You don't have to go to a formal expensive class...but you do need to work on commands and training daily. Once a command is working well at home, work on it in another location. Get it working in a half dozen places to generalize it, so it works everywhere. Keep training sessions short...5 minutes, as often as you can. Stop while he still is into it, leave him wanting more. So many do too many repetitions for too long and drive the dog into avoidance, or worse, they shutdown altogether. Classes are nice for the distraction, to proof the work, but you can find similar distractions in many places.

2 short sessions are SO more valuable than 1 longer one.

Remind your folks they didn't get rid of you, and you're grateful. 4 months old...
a toddler, not a problem child.

Employ that prey drive...get a ball on a string, a tug toy, and use the toy to direct focus, or redirect those teeth to chomp on it, not you or the leash.

Keep it fun, keep it short, train often, use nearly constant opportunities to train/learn.


----------



## NancyJ (Jun 15, 2003)

Raw meat does not make a puppy mean but you do need to be very careful about meat and bone balance if you are feeding a growing pup as it can cause real problems with bone devlelpment unless you are also feeding bone and in the right proportions (and not chew bones but bones they eat)

You don't generally want to run or jump a growing puppy, particularly on a hard surface. It is ok for him to run around the yard and play.

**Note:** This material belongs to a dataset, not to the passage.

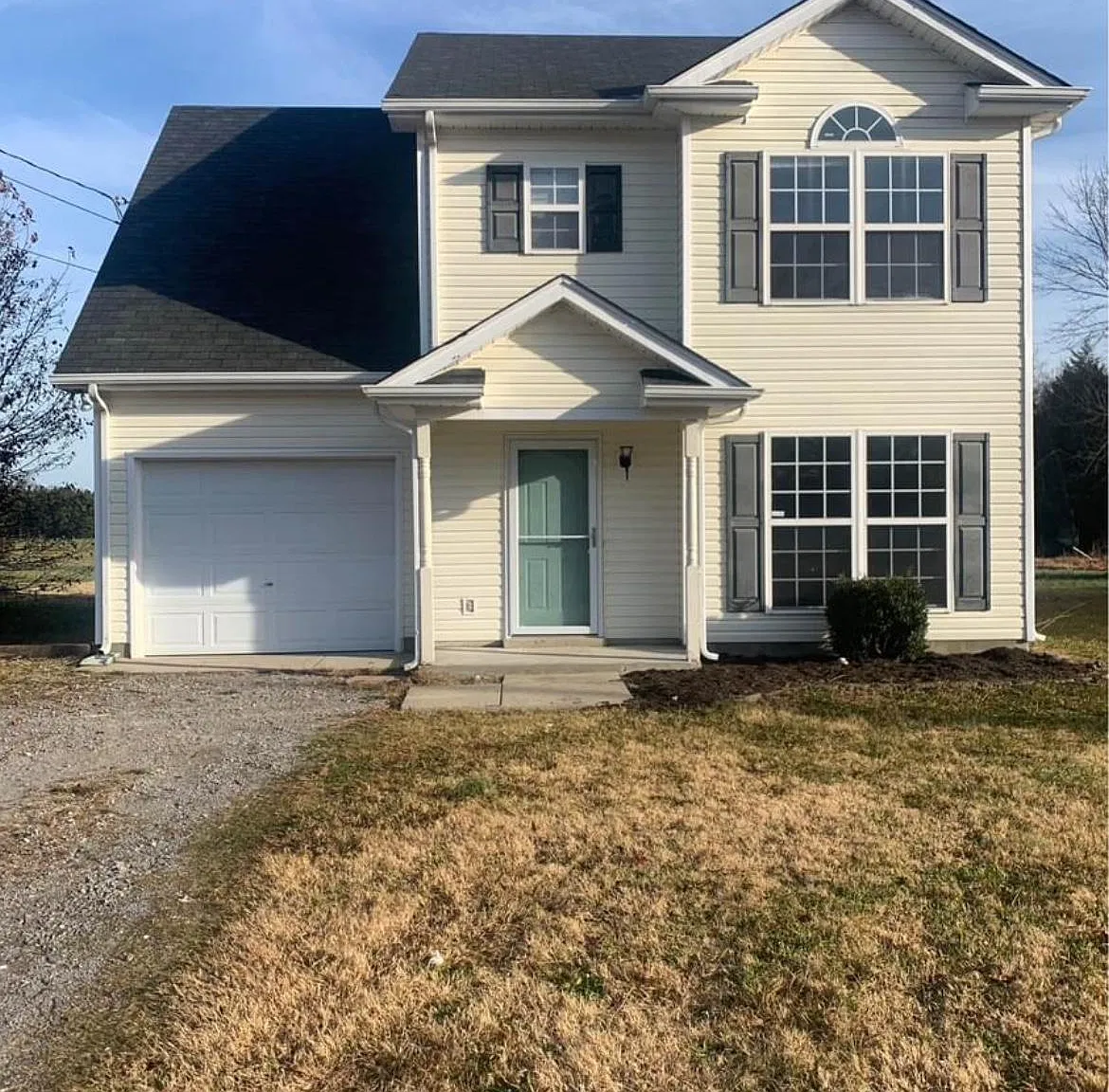465 Dorchester Dr — Photo 1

It is hard to believe a 14 week old puppy is "for real" - sounds like normal GSD play to me. The can be little alligators. Please don't hit him-your gut feeling is right. Debbie's advice is good.


----------



## onyx'girl (May 18, 2007)

Linking this other thread, as the situations are almost identical!
http://www.germanshepherds.com/forum/puppy-behavior/160862-aggression-question.html


----------



## Daisy&Lucky's Mom (Apr 24, 2011)

Daisy went through a period between 5 to 6 months old where she would growl when I took something out of her mouth. I hesitate to say how I handled it but I rolled her on her back after taking the thing out of her mouth. She and I had about 2 or three encounters like that. She still growls when we play Tug especially if Lucky horns in. At 3 .5 months she chewed on watches. ate a pair of earrings and attempted the destruction of multiple objects. It sounds like your pup needs some help developing bite inhibition with you.Obedience training helps but so does time out ,stopping the playing until she follows a commend. I also was taught to mimic a yelp like their littermates( really not much of a mimic as those little razors hurt). It takes time and consistent reaction. It gets better particularly w/ training.


----------



## Daisy&Lucky's Mom (Apr 24, 2011)

Point I forgot to make Daisy was about 5 months ,developmentally at a different stage then your pup. She was in early adolescence or teen years(months).At your pups age it's probably not dominance just like it was stated toddler behavior..


----------



## carmspack (Feb 2, 2011)

sems like your pup likes to have something in his mouth !! 
never allow any playing around with the leash -- you can get hard rolled up burlap toss toys which you can take along on your trip and offer the dog.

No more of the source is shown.